Persönlicher Zwang widerspricht dem, es reicht der stumme Zwang, der eigentumslose Personen dazu zwingt, sich als Arbeitskraft zu verkaufen, um an die Mittel für den eigenen Lebensunterhalt zu kommen. Weil sie gezwungen sind, Geld zu verdienen, gehen sie freiwillig ein Arbeitsverhältnis ein, bei dem der Arbeitgeber bestimmt, was er bereit ist zu bezahlen und was dafür zu leisten ist.
Das Recht, sich als Arbeitskraft zu erhalten und seine Interessen zu vertreten, wird anerkannt, indem Arbeitsschutz und Koalitionsfreiheit zugestanden werden. Dass Arbeitgeber ihre Arbeitskräfte auswählen und damit Diskriminierung betreiben, ist erlaubt, soweit sich dies dem Betriebszweck verdankt. Reine Willkür soll ausgeschlossen sein.

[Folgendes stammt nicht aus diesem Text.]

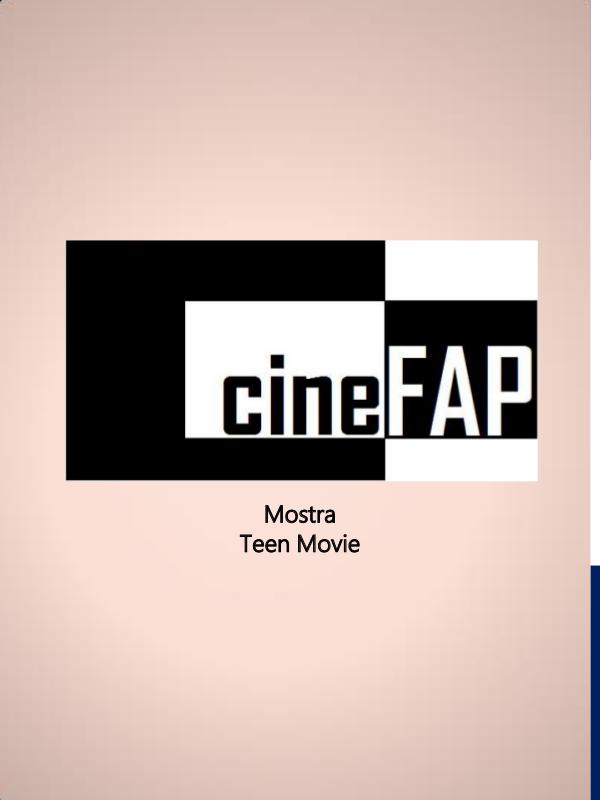 Teen Movies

Aus dem Arbeitsvertrag ergibt sich auch ein Anspruch auf Lohn, was offenbar keine Selbstverständlichkeit ist. Dass der Geschäftszweck immer auch zur Ruinierung der Natur führt, davon zeugen die Ausführungen zum Naturschutz, wobei bei allen Regelungen immer wieder auch auf die nationalen Regelungen verwiesen wird, die festlegen, wie viel an Schädigung von Mensch und Natur im Lande erlaubt ist.
Denn schließlich ist auch in Deutschland einiges an Verseuchung von Luft, Wasser und Böden erlaubt. Und am Arbeitsplatz haben viele Arbeitnehmer einiges an Gift, Gasen und Staub zu schlucken, für das es in manchen Fällen eine Schmutz- oder Gefahrenzulage gibt.

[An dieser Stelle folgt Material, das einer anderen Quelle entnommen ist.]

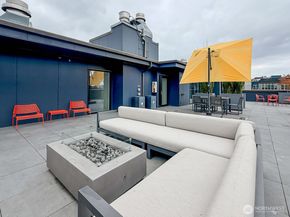 1111 E Pike Street 303, Seattle WA 98122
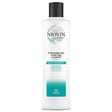 Nioxin - Scalp Recovery Purifying Cleanser Shampoo - 200ml - Feel You
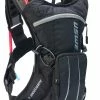 USWE Airbourne 3 Hydration Backpack With Bladder -Deals Kläder Butik unnamed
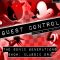 Guest Control – 009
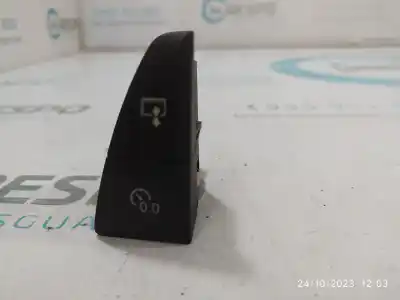 Second-hand car spare part switch for audi a6 lim. (4g2) 3.0 tdi oem iam references 4g1927227  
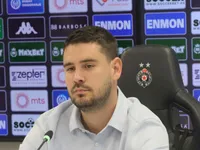 Slika 3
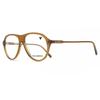 Karl Lagerfeld Kl6217 210 Unisex Eyeglasses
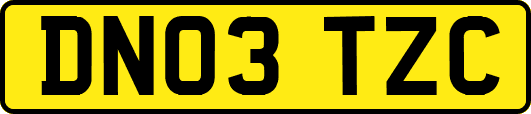 DN03TZC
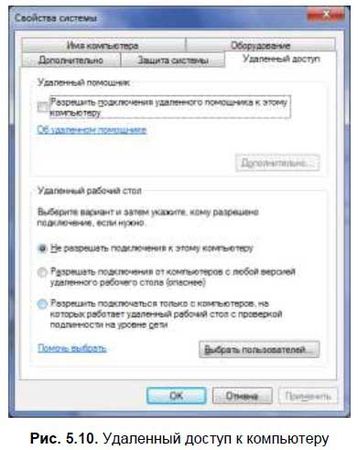 Денис Колисниченко - Первые шаги с Windows 7. Руководство для начинающих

Was mit dem Sorgfaltpflichtengesetz eingefordert wird von den Betrieben, ist die Einhaltung von Standards, die hierzulande üblich sind. Dass diese in der Welt nicht überall Gültigkeit haben, wird zugestanden und damit der Maßstab der Sorgfalt modifiziert: Löhne soll es geben, aber dann entsprechend dem nationalen Niveau. Dass es nicht überall Mindestlöhne gibt oder Arbeitsschutzgesetze, fällt dabei unter den Tisch. Dann kann man sie auch nicht beachten. Überhaupt weist dieses Gesetz ein gerütteltes Maß an Ignoranz auf:
Beispiel Kinderarbeit
Das Gesetz macht sich stark für ein Verbot der Kinderarbeit. Es wird auch angesprochen, dass Kinderarbeit sich der Armut der Menschen verdankt. Das Verbot ändert an der Armut nichts. Schließlich zeigt die Kinderarmut einmal mehr, dass es unmöglich ist, von Lohnarbeit oder abhängiger Beschäftigung zu leben. Denn als Lohnabhängiger sind Arbeitnehmer von der Kalkulation der Arbeitgeber abhängig. Arbeit und Lohn gibt es nur, wenn es sich für den Arbeitgeber lohnt, er einen Vorteil davon hat. Das macht die Existenz von Arbeitnehmern unsicher.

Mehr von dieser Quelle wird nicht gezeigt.